▶ _WORK REQUEST_: The full set of lines below has to be duplicated exactly, with no picture kept.
##### INFORMATION #####
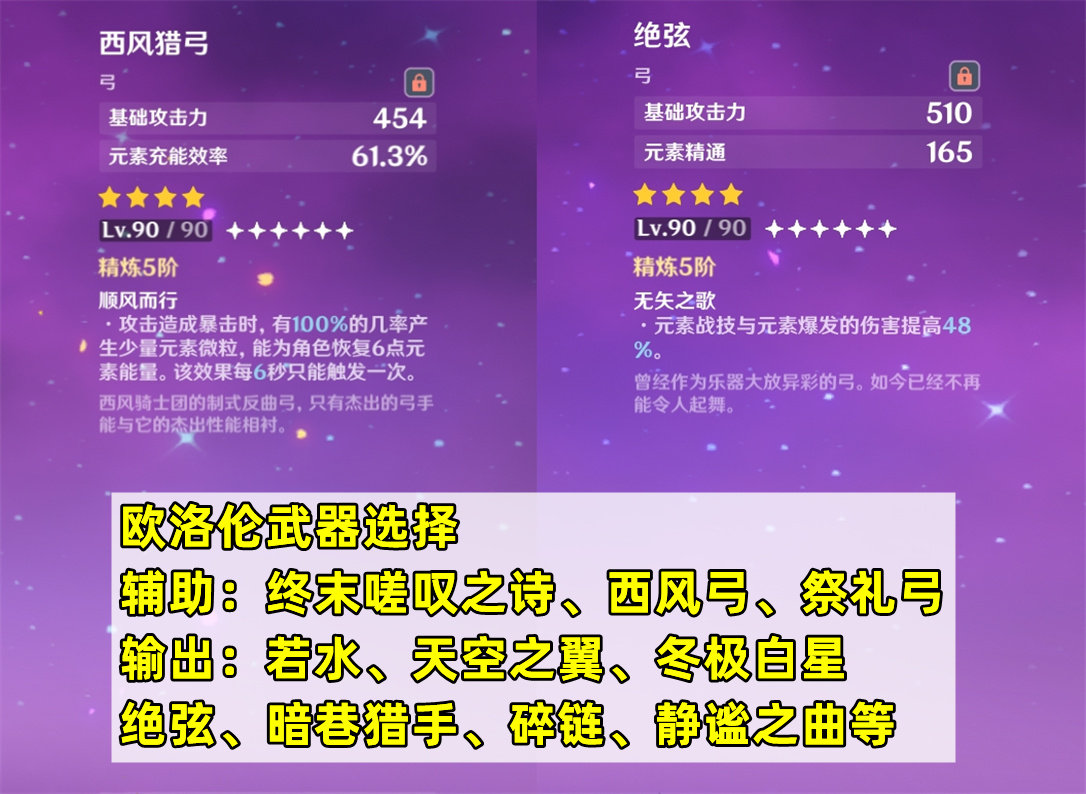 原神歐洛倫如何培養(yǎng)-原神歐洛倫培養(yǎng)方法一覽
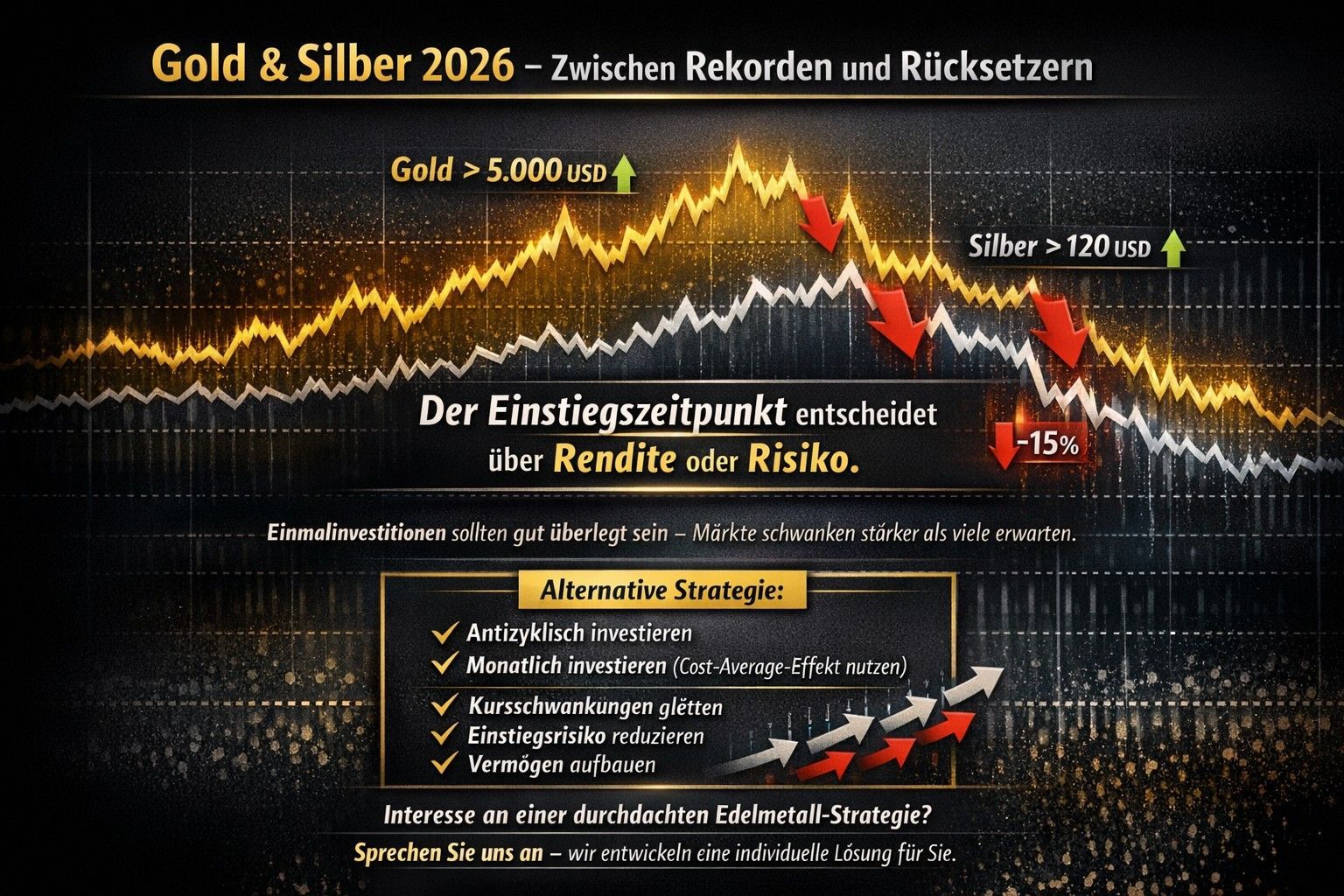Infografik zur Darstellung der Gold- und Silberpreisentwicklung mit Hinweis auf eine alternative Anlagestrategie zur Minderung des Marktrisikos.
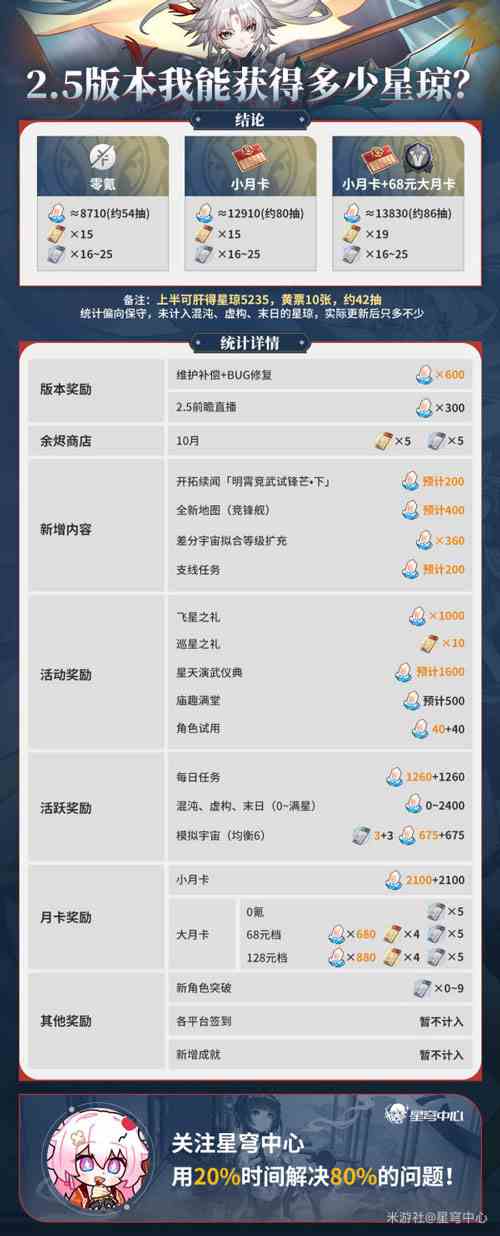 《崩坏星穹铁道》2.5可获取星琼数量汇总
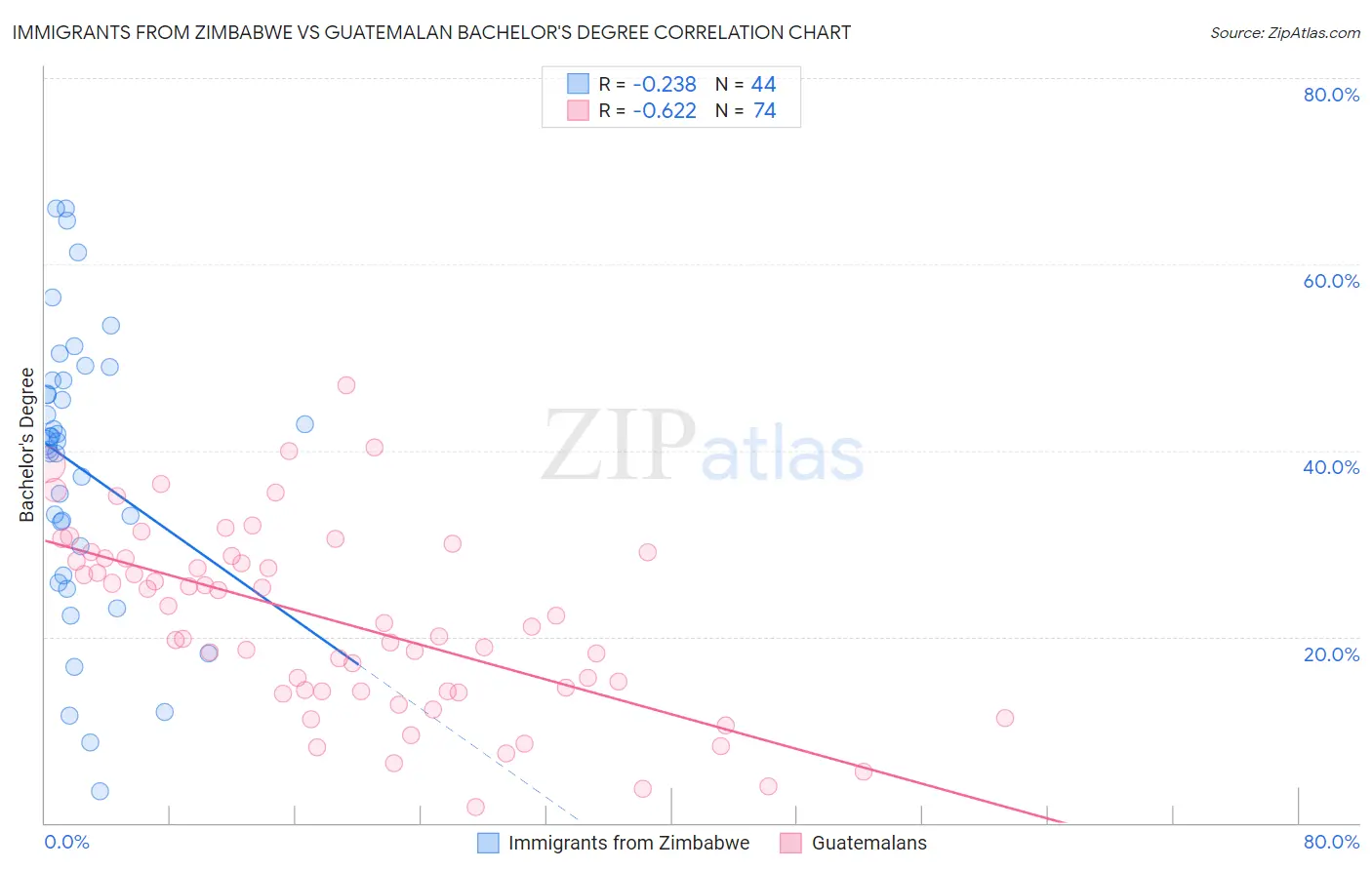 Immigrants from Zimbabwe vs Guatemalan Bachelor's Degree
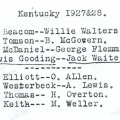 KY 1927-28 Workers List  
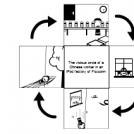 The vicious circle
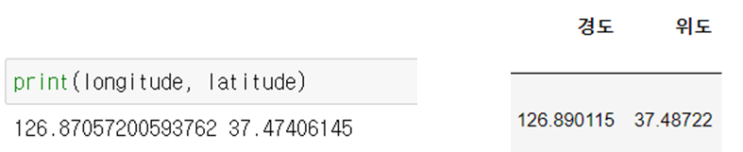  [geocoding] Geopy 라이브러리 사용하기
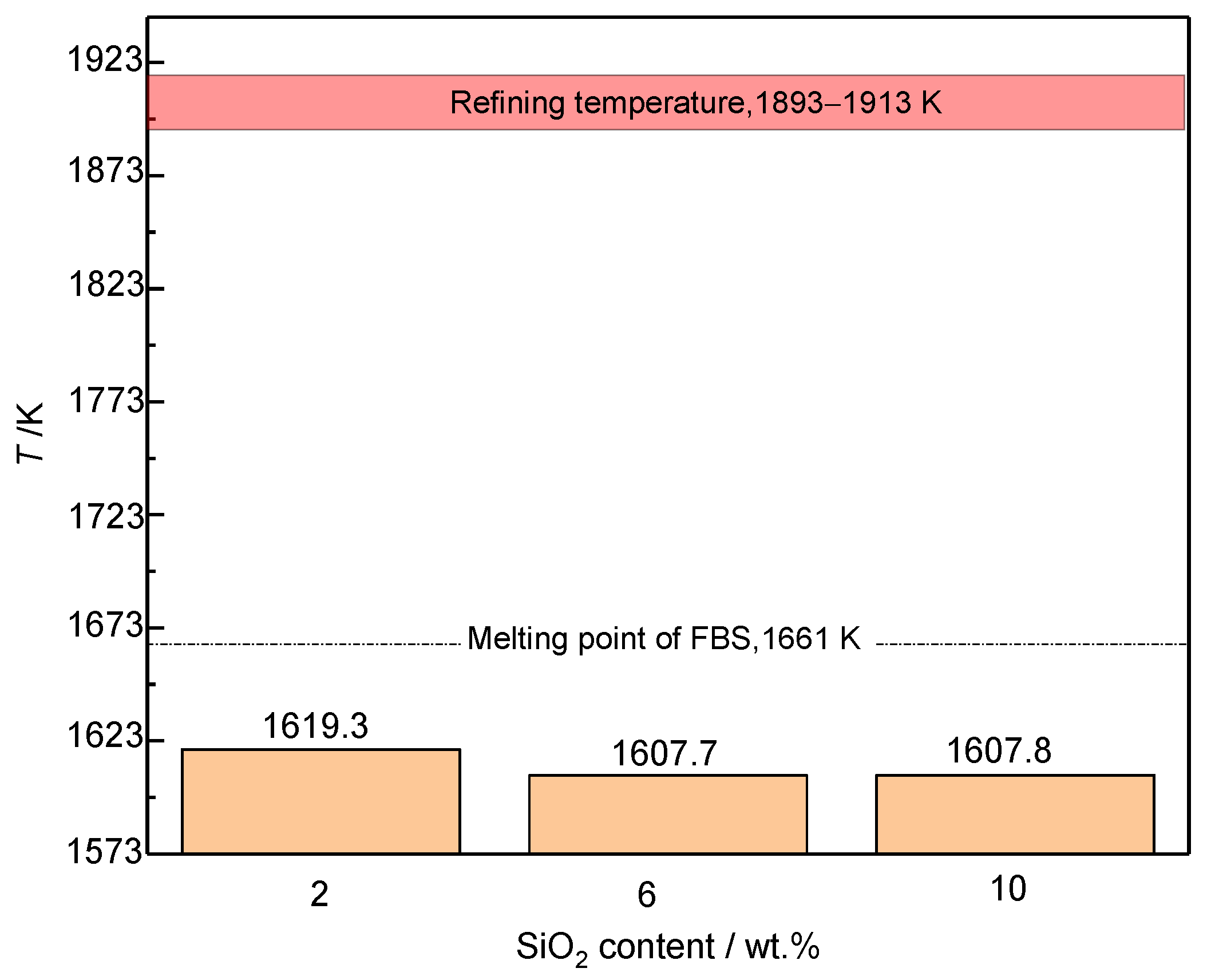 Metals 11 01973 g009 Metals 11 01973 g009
#####
▶ _OUTPUT OF THE EXERCISE_:
 原神歐洛倫如何培養(yǎng)-原神歐洛倫培養(yǎng)方法一覽
Infografik zur Darstellung der Gold- und Silberpreisentwicklung mit Hinweis auf eine alternative Anlagestrategie zur Minderung des Marktrisikos.
 《崩坏星穹铁道》2.5可获取星琼数量汇总
 Immigrants from Zimbabwe vs Guatemalan Bachelor's Degree
 KY 1927-28 Workers List  
 The vicious circle
  [geocoding] Geopy 라이브러리 사용하기
 Metals 11 01973 g009 Metals 11 01973 g009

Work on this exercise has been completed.